Au-delà de la définition d’une telle stratégie, l’enjeu reste celui de la formation des décideurs publics à l’usage des réseaux sociaux. D’où le défi de résoudre la problématique plus large du manque de culture numérique de ces responsables, comme le souligne le Conseil d’État dans son étude annuelle. Le Palais-Royal y recommande de développer des outils de formation et d’expertise des décideurs publics. Certes, des formations au numérique sont déjà dispensées aux cadres supérieurs. Mais il faut poursuivre ces actions, selon le Conseil d’État, pour qui il manque toujours un « outil permettant de partager l’ensemble des compétences que la question de la régulation des plateformes requiert afin d’acquérir une culture commune et des réflexes pertinents ». L’institution recommande en ce sens d’instaurer une « formation continue de pointe » des décideurs publics pour « créer une culture commune du numérique en général », notamment sur les réseaux sociaux. Le tout sur le modèle des formations que dispense aujourd’hui l’Institut des hautes études de défense nationale (IHEDN).
Des pistes pour réarmer la puissance publique face aux réseaux sociaux
Il y a néanmoins fort à parier qu’une telle recommandation n’aurait vocation qu’à être temporaire, et destinée aux 40-60 ans. De telles formations seront-elles en effet vraiment encore utiles dans dix, quinze ou vingt ans, lorsque toutes les personnes nommées sur des postes à haute responsabilité seront déjà, question de générations, très au fait des réseaux sociaux ?

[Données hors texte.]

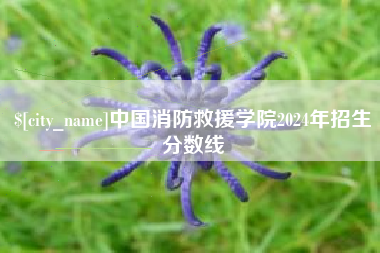 苍南中国消防救援学院2024年招生分数线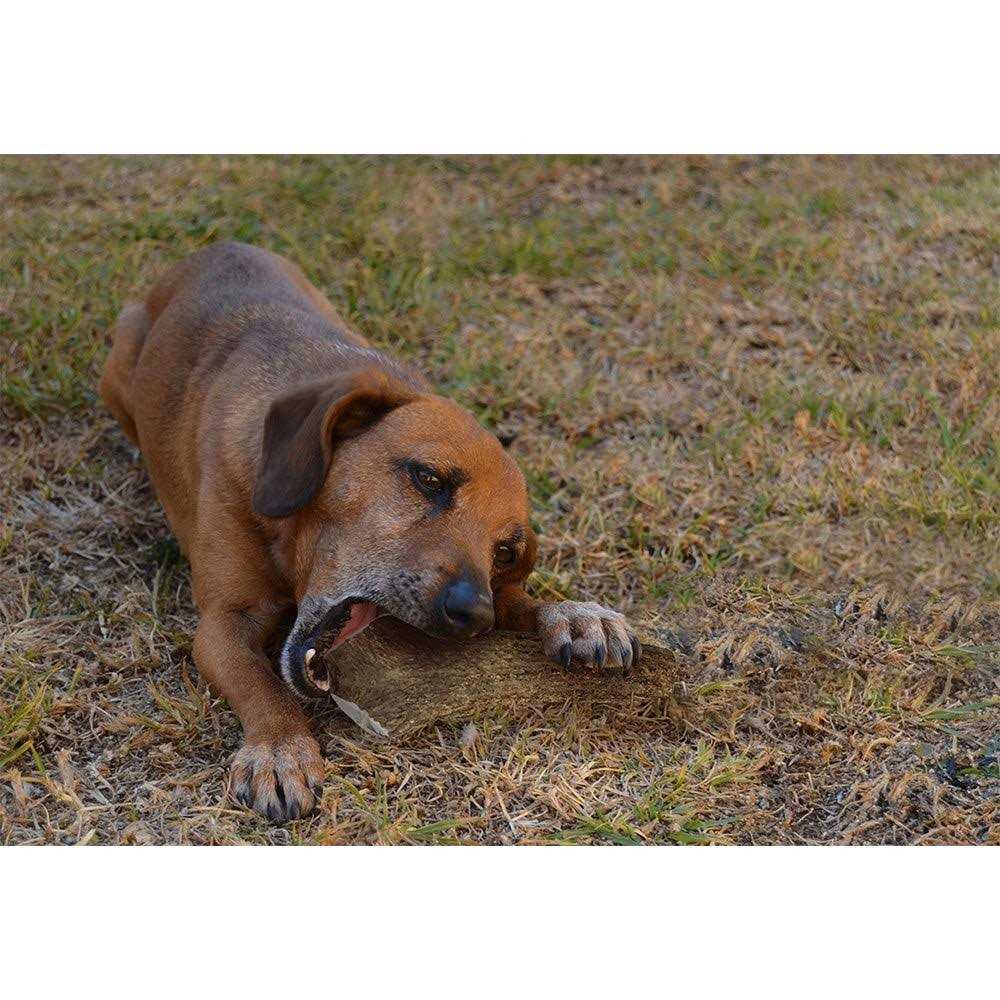 Elk Antlers for Dogs T37568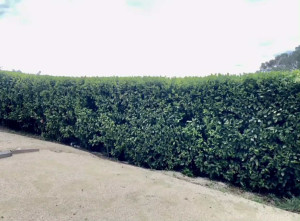 Photo de galerie - Jardinier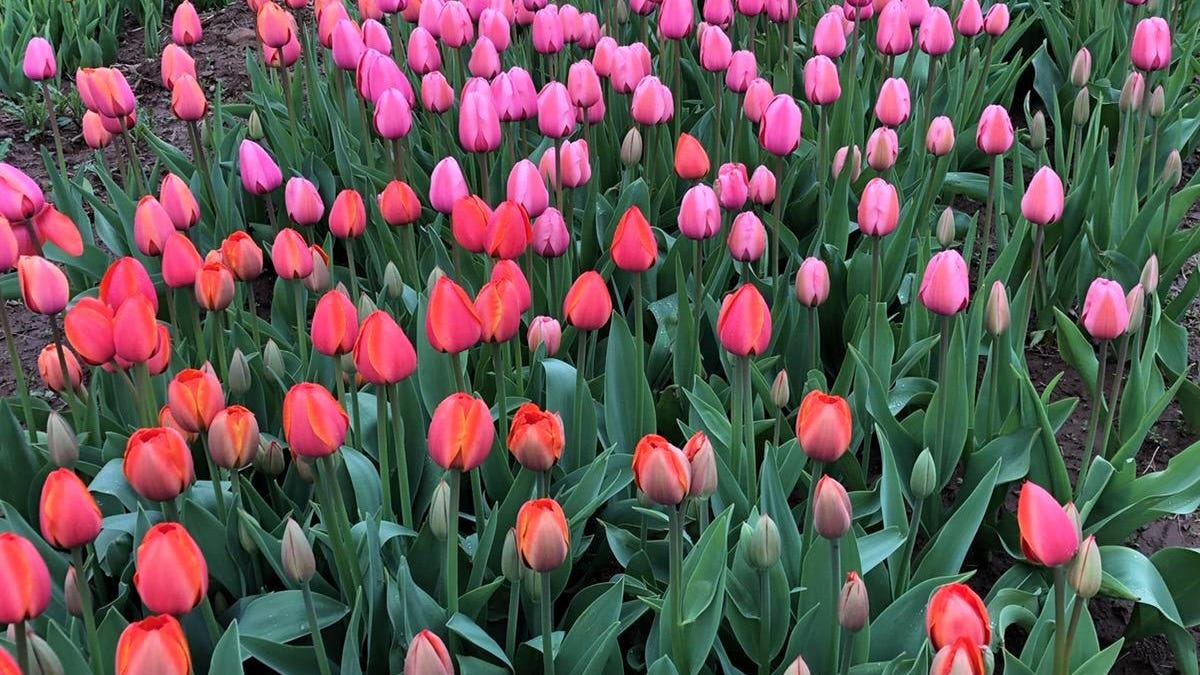 In the Garden Consider tulips for spring color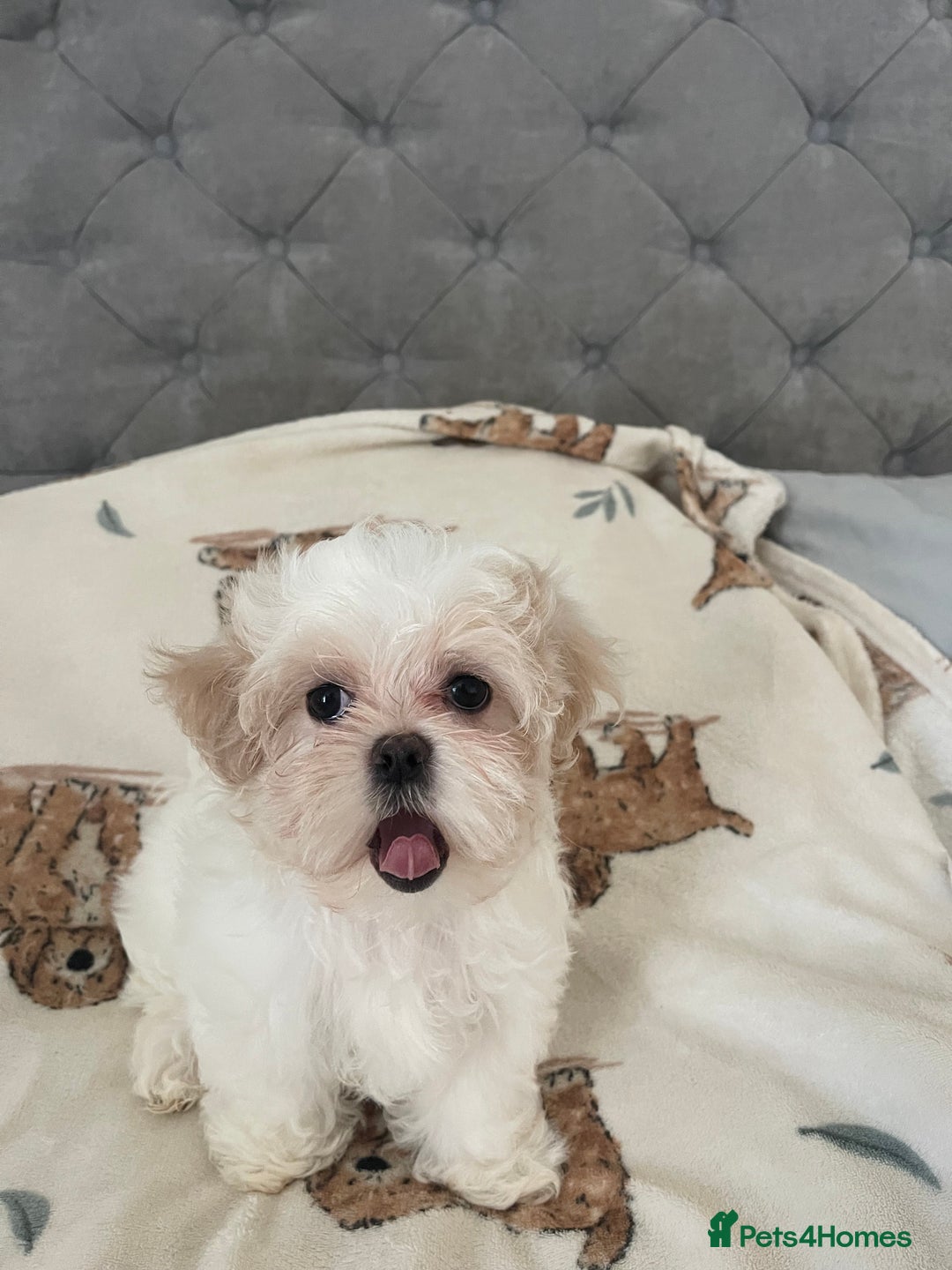 Maltese dogs for sale: *READY NOW* Korean Maltese x Malshi puppies 🐾 - Advert 7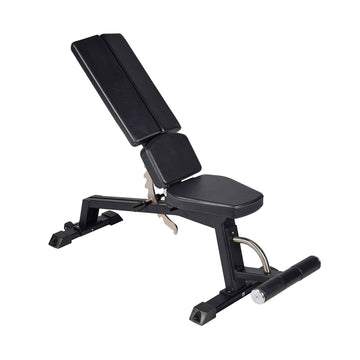 Adjustable Dumbbell Exercise Bench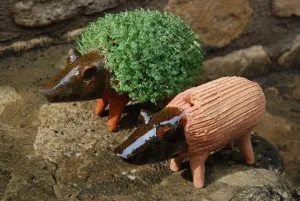 Grow your own pig including cress seeds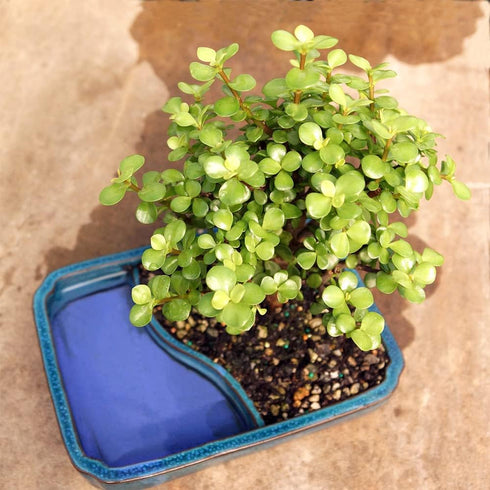 4 8 12 Inches Brussel's Bonsai Live Dwarf Jade Bonsai Tree, Indoor - Medium, Years Old, to Tall - Decorative Water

Avec tous les risques associés : « Le syndicalisme étudiant a toujours existé, mais on voit émerger une génération beaucoup plus présente sur les réseaux sociaux, beaucoup plus polémique et qui n’hésite pas à s’exprimer sur tel ou tel sujet, qu’il soit dans son champ de compétences ou non », pointe un communicant en cabinet ministériel, qui entrevoit de potentiels débordements des futurs hauts fonctionnaires. Ce qui, à l’avenir, ne manquera pas de poser encore plus la question de l’encadrement de l’usage des réseaux sociaux par ces futurs décideurs, mais aussi la problématique de la frontière entre vie professionnelle et vie personnelle et, partant, celle de la très délicate articulation entre leur liberté d’expression et leur devoir de réserve.